What needs to be done:
Leave every image out, and return the rest of the data word for word.

Provided material:

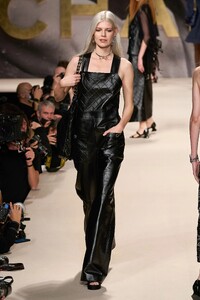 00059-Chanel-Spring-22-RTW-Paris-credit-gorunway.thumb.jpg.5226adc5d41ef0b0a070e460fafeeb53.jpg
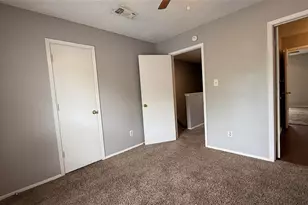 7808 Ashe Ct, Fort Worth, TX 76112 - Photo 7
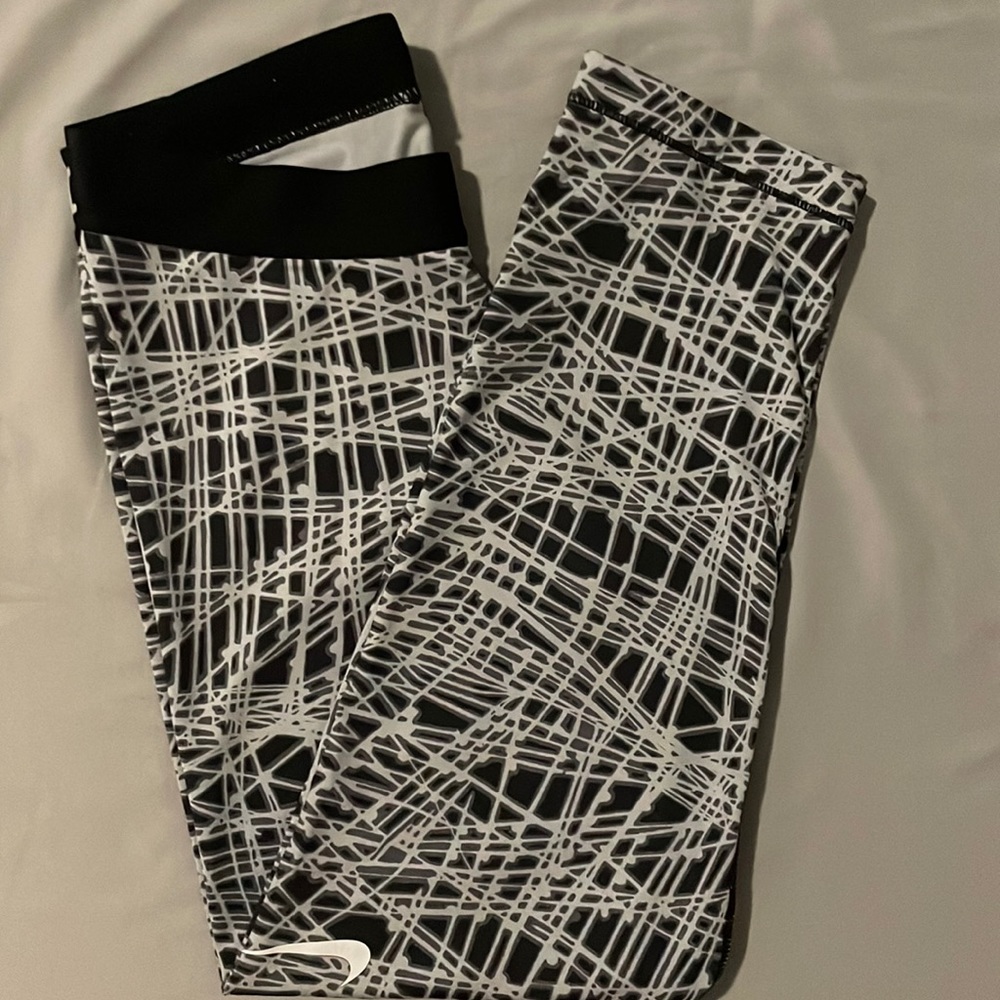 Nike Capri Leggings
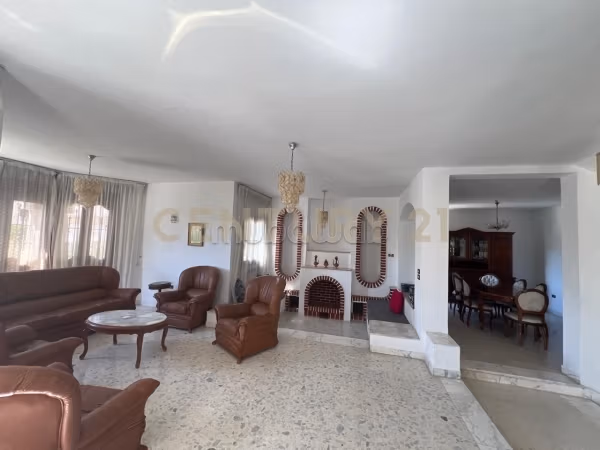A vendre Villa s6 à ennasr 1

Task response:
 00059-Chanel-Spring-22-RTW-Paris-credit-gorunway.thumb.jpg.5226adc5d41ef0b0a070e460fafeeb53.jpg
 7808 Ashe Ct, Fort Worth, TX 76112 - Photo 7
 Nike Capri Leggings
A vendre Villa s6 à ennasr 1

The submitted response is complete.